Summary. The manuscript introduces CDER-SME, a cross-device Event-RGB micro-expression dataset collected from 92 subjects under a multi-level stress induction framework (cognitive and social) to elicit spontaneous emotional leakage. It comprises 1,963 expert-annotated samples (Action Units and emotions), including 790 Event-RGB pairs and 210 high-fidelity aligned pairs. The authors provide a hardware-agnostic alignment pipeline for temporal synchronization and landmark-guided spatial registration, and report a reproducible multimodal baseline in which cross-modal fusion improves performance over single-modality counterparts.

Significance. If the stress induction, synchronization, and annotation procedures are shown to be reliable, the dataset would offer a valuable benchmark for Event-RGB MER that removes the requirement for coaxial hardware calibration. This could support more ecologically valid and deployable affective computing systems. The alignment pipeline and baseline results, if quantitatively detailed, would strengthen reproducibility claims in the field.

major comments (3)
  1. [Dataset Collection and Stress Induction] The central claim that the multi-level stress induction reliably elicits spontaneous micro-expressions across the 1,963 samples is load-bearing for ecological validity, yet the manuscript provides no details on the specific task protocols, induction durations, or any corroborating measures (e.g., physiological signals or self-report validation) to support this.
  2. [Baseline Evaluation] The assertion that cross-modal fusion improves performance is central to the complementarity argument, but the provided text contains no quantitative baseline metrics (accuracy, F1, or statistical comparisons), tables, or error analysis, preventing evaluation of the reported gains.
  3. [Annotation Process] Expert annotation of Action Units and emotions for 1,963 samples requires reporting of inter-annotator agreement (e.g., Cohen's kappa or percentage agreement) to establish reliability; this is not addressed.
minor comments (2)
  1. The abstract would be strengthened by inclusion of at least one key quantitative result from the baseline (e.g., fusion accuracy delta).
  2. Clarify the exact number of subjects per stress level and any exclusion criteria applied to the 92 participants.

Simulated Author's Rebuttal

3 responses · 0 unresolved

We thank the referee for the constructive feedback on our manuscript. The comments highlight important aspects of clarity, reproducibility, and validation that we will address in the revision. Below we respond point-by-point to the major comments.

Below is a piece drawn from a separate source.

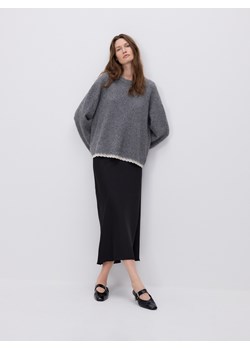Reserved - Sweter z koronkowym wykończeniem - ciemnoszary ze sklepu Reserved w kategorii Swetry damskie - zdjęcie 187849098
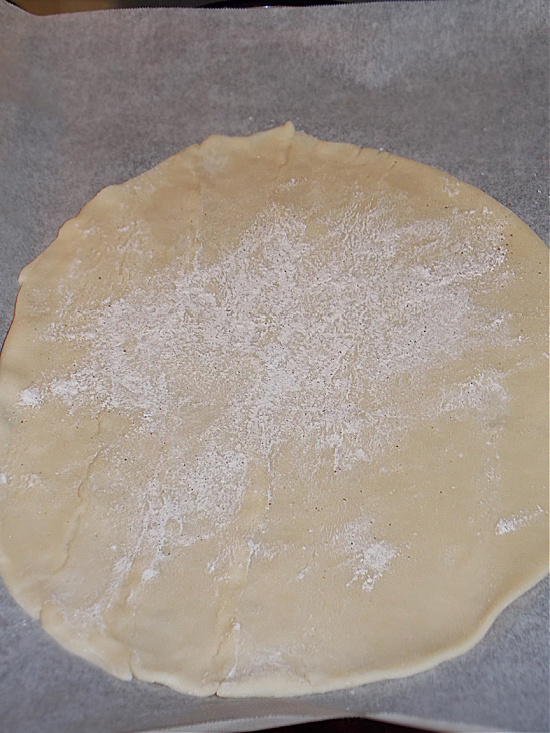 floured-pie-crust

read point-by-point responses
  1. Referee: [Dataset Collection and Stress Induction] The central claim that the multi-level stress induction reliably elicits spontaneous micro-expressions across the 1,963 samples is load-bearing for ecological validity, yet the manuscript provides no details on the specific task protocols, induction durations, or any corroborating measures (e.g., physiological signals or self-report validation) to support this.

    Authors: We agree that additional protocol details are necessary to substantiate the ecological validity of the stress induction. The current manuscript provides a high-level description of the cognitive and social stress framework but lacks granular information. In the revised version, we will expand the Dataset Collection section with specific task protocols, induction durations, and self-report validation measures where available. Physiological signals were not collected, as the experimental design prioritized decoupled cross-device Event-RGB capture without additional sensors; we will explicitly state this design choice and its implications as a limitation. revision: yes

  2. Referee: [Baseline Evaluation] The assertion that cross-modal fusion improves performance is central to the complementarity argument, but the provided text contains no quantitative baseline metrics (accuracy, F1, or statistical comparisons), tables, or error analysis, preventing evaluation of the reported gains.

    Authors: We acknowledge the referee's point that quantitative results are essential for evaluating the fusion gains. Although the abstract references the multimodal baseline, the main text does not present the metrics in sufficient detail. We will revise the Experiments section to include a dedicated table reporting accuracy, F1 scores, statistical comparisons (e.g., significance tests), and error analysis comparing single-modality and cross-modal fusion approaches. revision: yes

  3. Referee: [Annotation Process] Expert annotation of Action Units and emotions for 1,963 samples requires reporting of inter-annotator agreement (e.g., Cohen's kappa or percentage agreement) to establish reliability; this is not addressed.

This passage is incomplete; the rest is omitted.